**Work to complete**
All of the data must be written out verbatim, with pictures excluded.

**Dataset section**
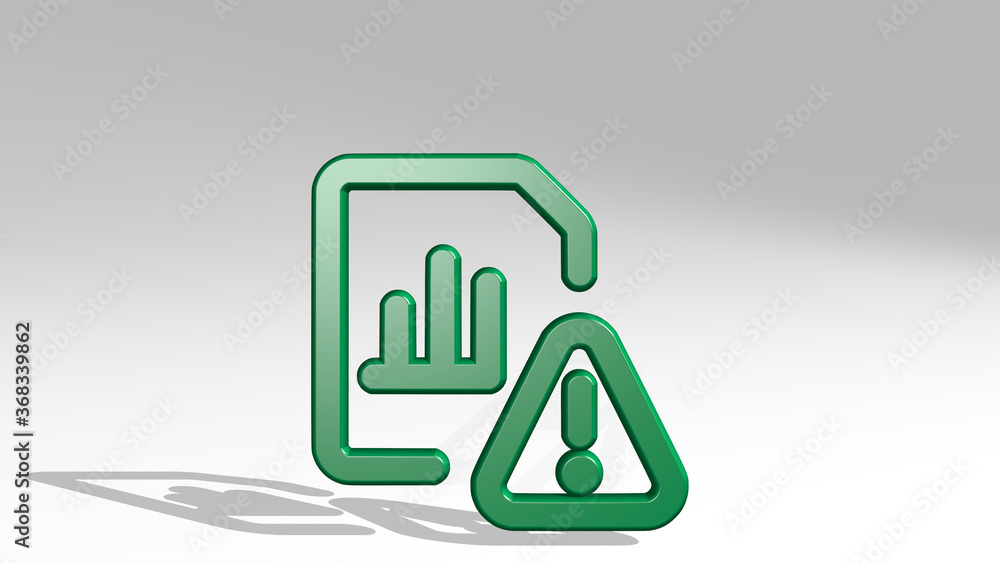 Poster data file bars warning stand with shadow. 3d illustration of metallic sculpture over a white backgro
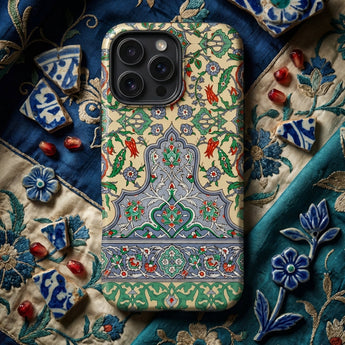 La Decoration Arabe 36 - Emile Prisse D’avennes Art Phone Case Cream-colored Phone Case Adorned Intricate Blue Green Red émile Prisse
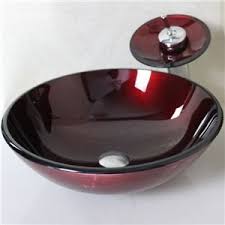 Vague Rouge Trempe Evier Recipient En Verre Trempe Avec Robinet Cascade Vidange Et Bague De Fixation Evier Vasque Recipients En Verre Robinet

**Problem solution**
 Poster data file bars warning stand with shadow. 3d illustration of metallic sculpture over a white backgro
 La Decoration Arabe 36 - Emile Prisse D’avennes Art Phone Case Cream-colored Phone Case Adorned Intricate Blue Green Red émile Prisse
 Vague Rouge Trempe Evier Recipient En Verre Trempe Avec Robinet Cascade Vidange Et Bague De Fixation Evier Vasque Recipients En Verre Robinet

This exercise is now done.